Oh how I love to travel. I was lucky enough to go to Paris for a week last year, and now this year China. China. As in that country on the other side of the world. I still don't think it's quite hit me that I was there for two weeks. I have to say, after about a week there I was sick of Chinese food and ready to come home. But, by the time I knew it, I was coming home. And honestly, I had mixed emotions about that too. On one hand I was happy to come home to fresh air, sunny days, and friends. On the other hand, I felt sad leaving China and kinda disappointed to be home. Maybe that's because home means I won't be around my Dad anymore, and it means back to reality aka working and having real adult responsibilities.
But I'm happy I went. I'm so so thankful that I was able to go, even if my visa came in last minute. I think whenever I travel, I come home with a new perspective. This time I came back with a feeling of comfort that everything will turn out okay, in terms of relationships, jobs, and life in general. I will survive my 20s, even if they suck. I will find another job that actually challenges me. And I will eventually find someone special enough to call my boyfriend.

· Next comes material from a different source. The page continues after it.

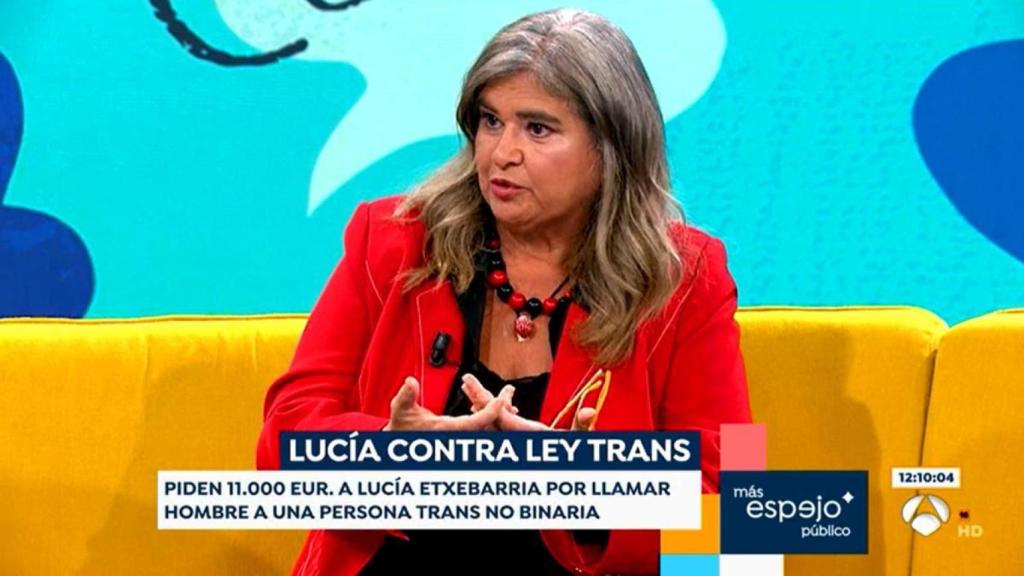 Lucía Etxebarría en 'Espejo Público'.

Another new thing I'm trying to institute in my everyday life is about being in the moment. I'll admit before my trip, I was definitely not in the best of places. I kept looking for direction, for something to talk about, and most of all, was definitely envious of others. So now I'm going to try and just be in the moment. If I'm out with my friends, I want to remember that time we went to the movies and laughed till our sides hurt. Not the time when I was the only single person in the group.
I realize this is going to be hard to keep up, but I want to try. Because I know I'm going to get sucked into the same routines I had before I left, and I don't want that to happen. I want to resist that as much as possible. I figure a new outlook on life is worth a try, right?